» REQUIRED WORK
Your task is to restate word for word the lines in the material below, from the one with "Yeşil yaprakların ve" up to and including the one with "不同茶叶对消化系统的益处研究概述". Do not carry over the pictures.

+++

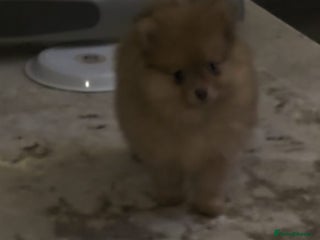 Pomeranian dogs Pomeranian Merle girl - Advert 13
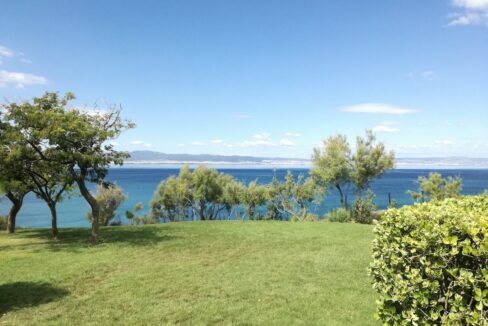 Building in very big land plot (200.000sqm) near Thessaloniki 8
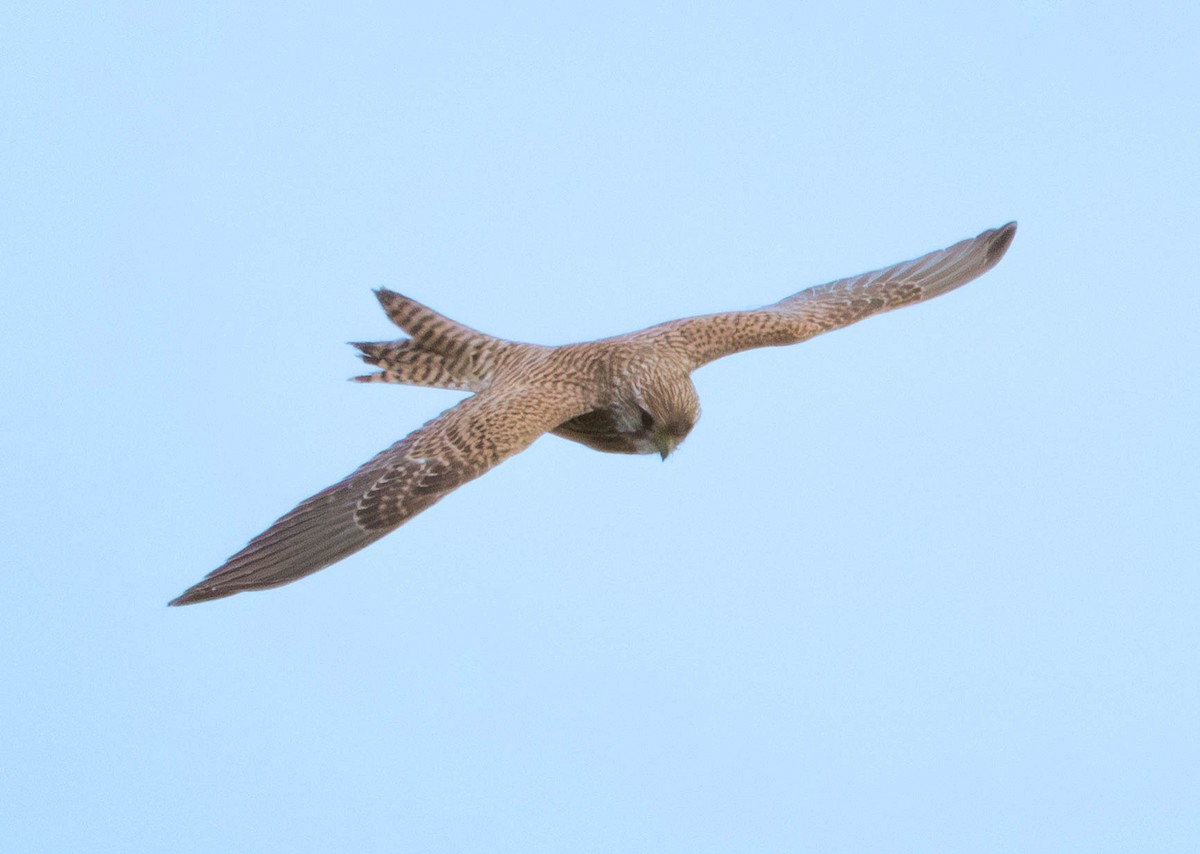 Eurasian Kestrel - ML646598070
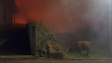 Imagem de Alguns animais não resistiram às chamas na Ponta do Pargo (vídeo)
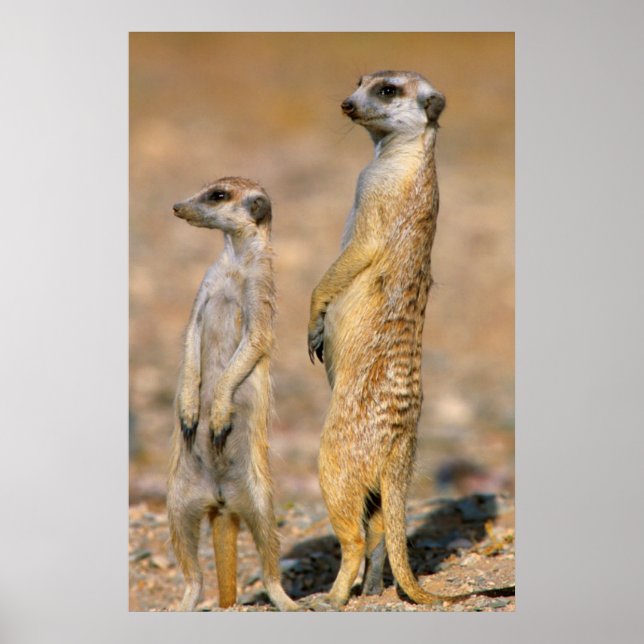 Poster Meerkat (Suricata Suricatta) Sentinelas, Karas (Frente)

+++

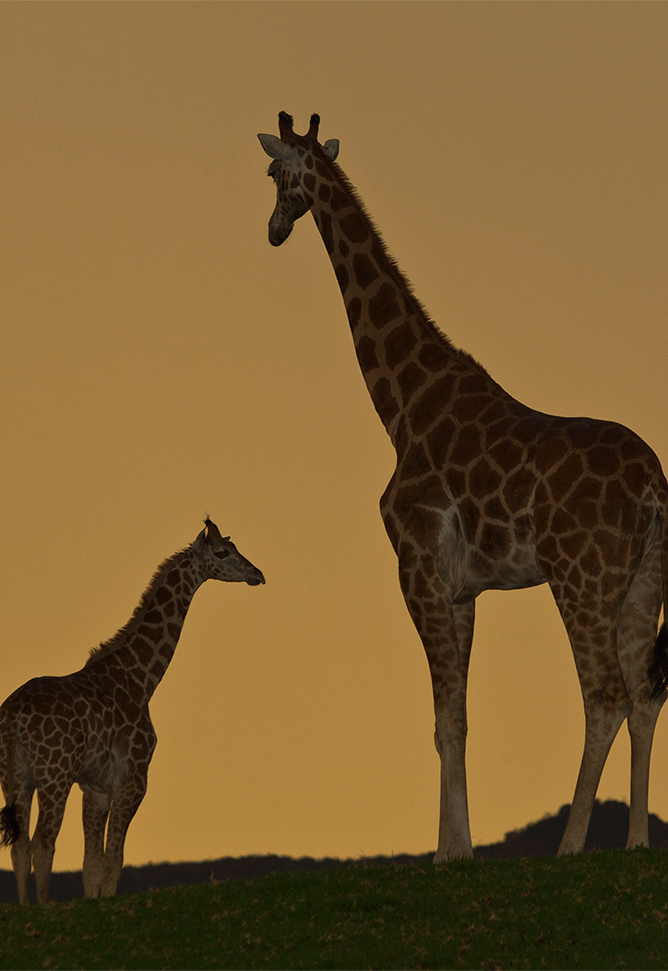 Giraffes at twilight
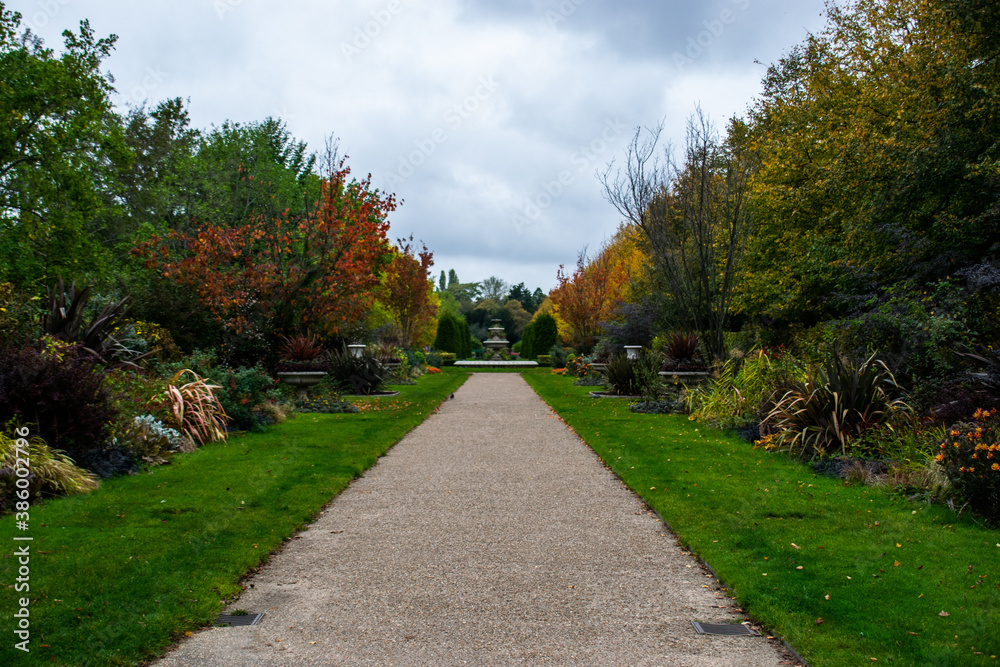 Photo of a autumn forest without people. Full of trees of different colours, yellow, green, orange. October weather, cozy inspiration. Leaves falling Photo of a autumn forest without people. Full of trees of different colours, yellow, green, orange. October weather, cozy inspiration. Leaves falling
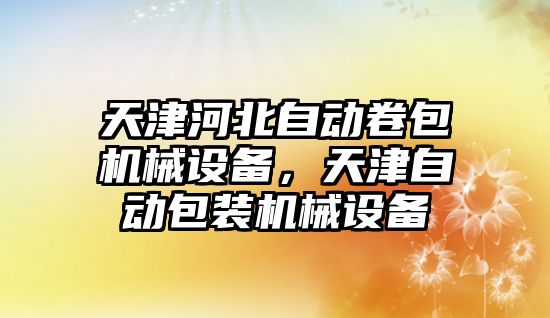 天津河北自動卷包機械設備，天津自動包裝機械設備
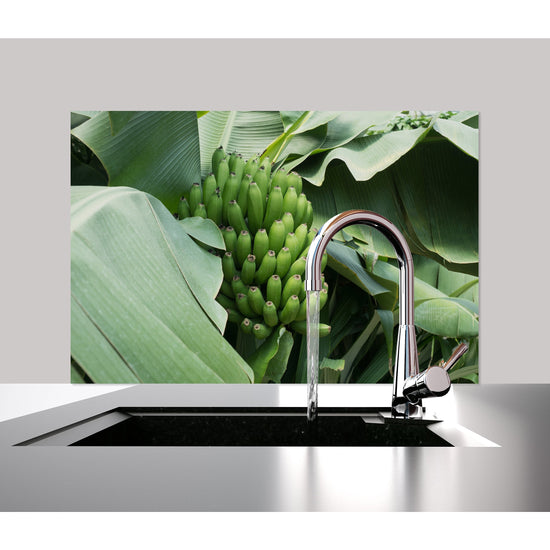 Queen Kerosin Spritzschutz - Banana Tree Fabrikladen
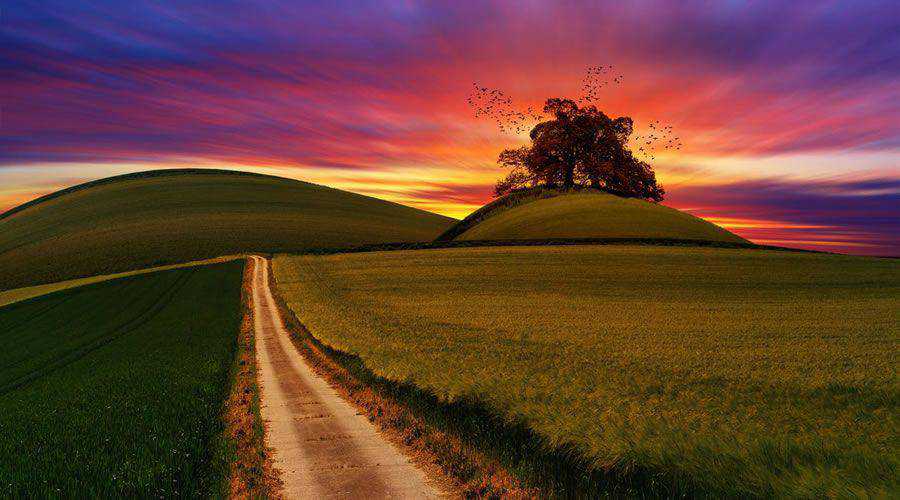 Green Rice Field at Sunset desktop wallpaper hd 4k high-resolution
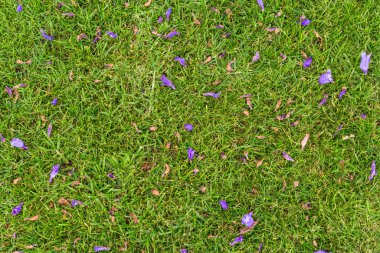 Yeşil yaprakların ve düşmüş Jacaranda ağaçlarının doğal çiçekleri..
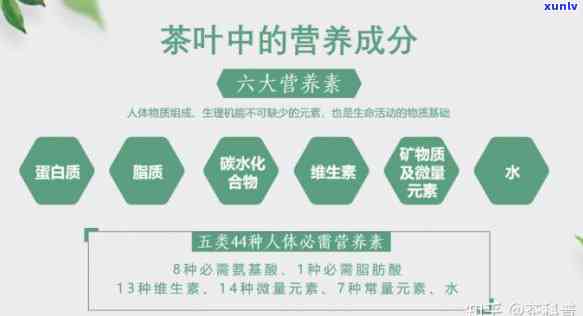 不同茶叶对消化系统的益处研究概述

+++

» ANSWER SECTION
 Yeşil yaprakların ve düşmüş Jacaranda ağaçlarının doğal çiçekleri..
 不同茶叶对消化系统的益处研究概述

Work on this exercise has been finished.